## [WHAT THE TASK ASKS]
Copy exactly, please, the lines of the data from its start through the line containing "Natural/Latte Raffia Pom Pom Flats - 2".

## [GIVEN ENTRIES]
* * *

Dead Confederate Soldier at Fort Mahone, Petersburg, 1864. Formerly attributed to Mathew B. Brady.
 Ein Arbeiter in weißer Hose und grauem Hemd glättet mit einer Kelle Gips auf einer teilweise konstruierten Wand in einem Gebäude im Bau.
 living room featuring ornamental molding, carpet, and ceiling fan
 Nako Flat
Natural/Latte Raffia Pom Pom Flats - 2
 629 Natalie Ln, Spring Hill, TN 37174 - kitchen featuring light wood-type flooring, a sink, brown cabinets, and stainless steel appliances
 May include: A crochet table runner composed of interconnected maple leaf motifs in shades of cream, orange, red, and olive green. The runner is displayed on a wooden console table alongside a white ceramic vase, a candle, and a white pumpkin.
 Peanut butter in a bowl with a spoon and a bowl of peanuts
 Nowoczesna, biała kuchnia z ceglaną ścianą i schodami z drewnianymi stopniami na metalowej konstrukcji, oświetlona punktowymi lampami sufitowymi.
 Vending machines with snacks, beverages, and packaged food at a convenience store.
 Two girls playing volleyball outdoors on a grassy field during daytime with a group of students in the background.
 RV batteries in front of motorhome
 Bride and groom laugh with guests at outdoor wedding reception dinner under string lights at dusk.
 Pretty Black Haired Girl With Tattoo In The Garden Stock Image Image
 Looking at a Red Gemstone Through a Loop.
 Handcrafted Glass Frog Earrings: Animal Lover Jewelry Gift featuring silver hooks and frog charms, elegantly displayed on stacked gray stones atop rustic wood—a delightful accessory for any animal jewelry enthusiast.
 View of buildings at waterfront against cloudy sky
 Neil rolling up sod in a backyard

* * *

## [TASK RESPONSE]
Dead Confederate Soldier at Fort Mahone, Petersburg, 1864. Formerly attributed to Mathew B. Brady.
 Ein Arbeiter in weißer Hose und grauem Hemd glättet mit einer Kelle Gips auf einer teilweise konstruierten Wand in einem Gebäude im Bau.
 living room featuring ornamental molding, carpet, and ceiling fan
 Nako Flat
Natural/Latte Raffia Pom Pom Flats - 2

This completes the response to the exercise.